A jury has found Kwasi Benjamin guilty of second-degree murder in the death of his girlfriend Nellie Angutiguluk, a verdict that the Crown attorney said he hopes brings some peace to Indigenous communities.

The 29-year-old mother of three, who had moved from the Inuit community of Puvirnituq in Northern Quebec to Montreal, was strangled to the death in May 2015.

Benjamin, 32, was seen arguing with her earlier in the evening, before they returned home to their Cote-des-Neiges apartment.

During the trial, Benjamin said his girlfriend had been suicidal, and that he loved her too much to kill her.
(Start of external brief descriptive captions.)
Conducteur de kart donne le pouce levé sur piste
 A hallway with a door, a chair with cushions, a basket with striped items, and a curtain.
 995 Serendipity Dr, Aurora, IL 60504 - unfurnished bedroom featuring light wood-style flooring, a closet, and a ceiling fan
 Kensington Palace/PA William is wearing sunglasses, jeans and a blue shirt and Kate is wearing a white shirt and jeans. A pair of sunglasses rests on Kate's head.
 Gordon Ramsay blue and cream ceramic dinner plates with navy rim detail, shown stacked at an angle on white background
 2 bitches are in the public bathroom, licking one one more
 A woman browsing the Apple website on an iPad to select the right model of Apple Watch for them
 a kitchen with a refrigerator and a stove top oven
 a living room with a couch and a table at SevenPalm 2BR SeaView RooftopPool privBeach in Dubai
He testified that he’d stepped in to stop her from killing herself by hanging on two occasions.

He also told the court that she was alive but completely intoxicated when he put her to bed, and found her dead the next day when he returned from work.

Crown prosecutor Dennis Galiatsatos questioned Benjamin's sincerity under cross-examination, highlighting some discrepancies in Benjamin's version of events.

He paid particular attention to the fact it took the suspect three hours before he came out of his apartment to call 911 for help.

The jury took two days before returning with the guilty verdict.

Galiatsasos said the verdict sends a message to the Indigenous community that the justice system has not forgotten them.

“The verdict gives me some relief because I know, and we talked a lot about it this month, that many aboriginal communities feel abandoned or even forgotten by the justice system and I hope this verdict will bring them a little hope,” he said.

Galiatsatos is referring to two verdicts in February in which defendants were found not guilty of killing Indigenous victims.

A jury acquitted Saskatchewan farmer Gerald Stanley, 56, who shot and killed Colten Boushie, 22, a member of the Red Pheasant First Nation.

In Winnipeg, another jury acquitted Raymond Cormier of the second-degree murder of 15-year-old Tina Fontaine, found in the Red River in the summer of 2014.

Sentencing arguments in the Benjamin conviction are scheduled for April 4.